◆ What is being asked
For the material below, the expected output is exactly the lines between the line holding "3 bedrooms, cribs/infant beds" and the line holding "Bella Notte Sarı", inclusive, with pictures left out.

Top of Listed records

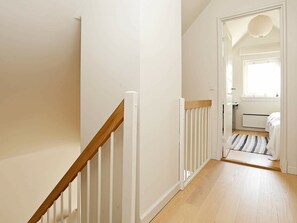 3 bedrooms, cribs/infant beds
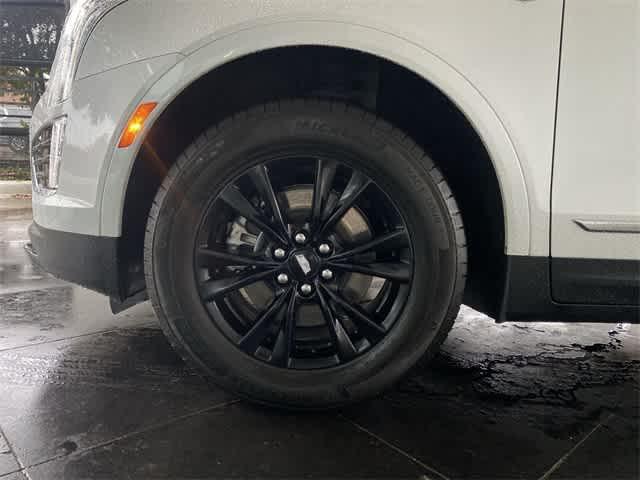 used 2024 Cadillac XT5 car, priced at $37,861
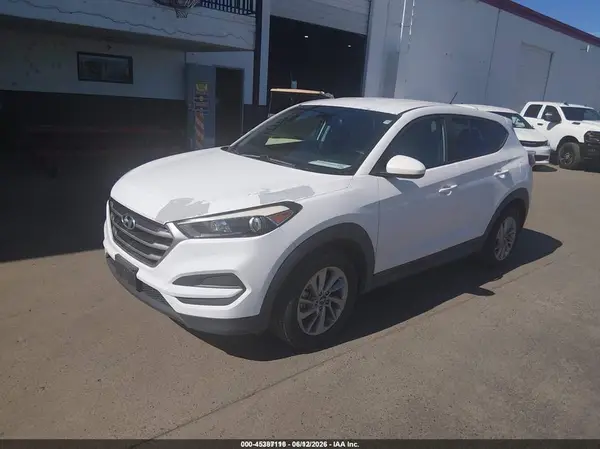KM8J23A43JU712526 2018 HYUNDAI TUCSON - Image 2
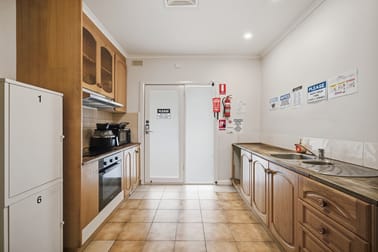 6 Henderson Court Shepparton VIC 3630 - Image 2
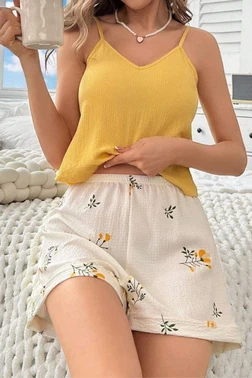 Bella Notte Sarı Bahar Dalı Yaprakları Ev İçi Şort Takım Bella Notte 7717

Bottom of Listed records
Top of Listed records

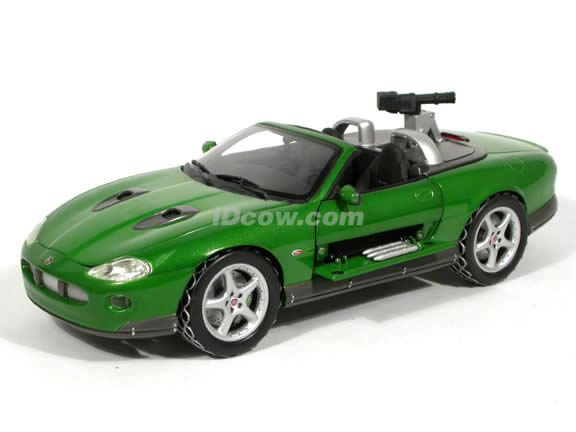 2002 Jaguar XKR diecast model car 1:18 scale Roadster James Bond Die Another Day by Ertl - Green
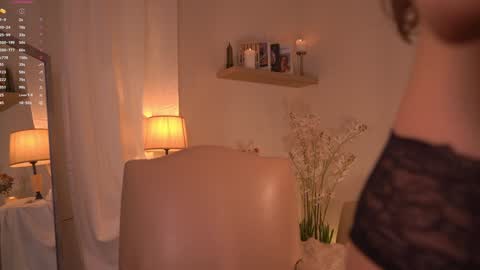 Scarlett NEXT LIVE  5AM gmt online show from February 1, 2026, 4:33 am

Bottom of Listed records
Top of Listed records

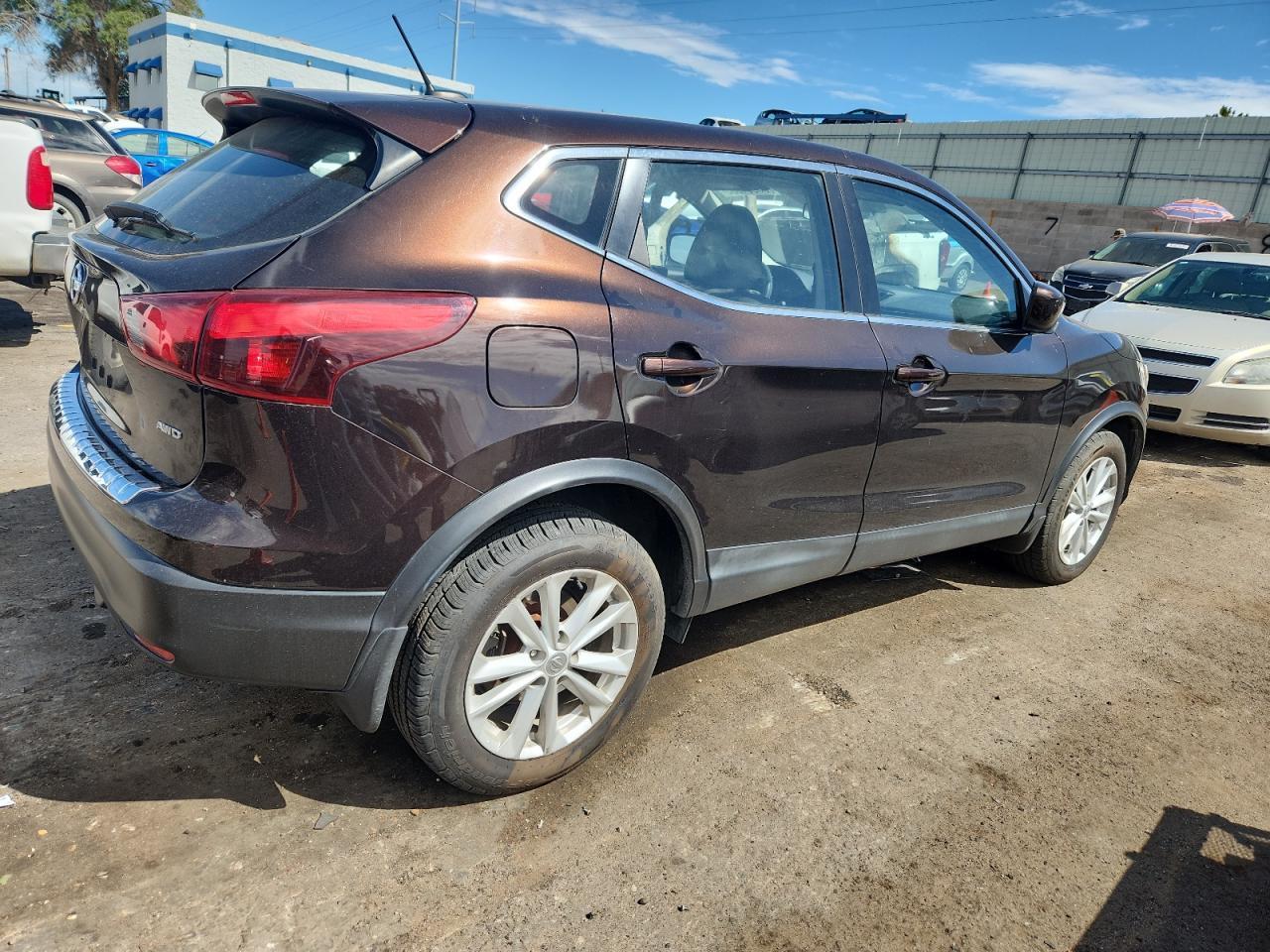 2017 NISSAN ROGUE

Bottom of Listed records

◆ Solution for this problem
 3 bedrooms, cribs/infant beds
 used 2024 Cadillac XT5 car, priced at $37,861
KM8J23A43JU712526 2018 HYUNDAI TUCSON - Image 2
 6 Henderson Court Shepparton VIC 3630 - Image 2
 Bella Notte Sarı Bahar Dalı Yaprakları Ev İçi Şort Takım Bella Notte 7717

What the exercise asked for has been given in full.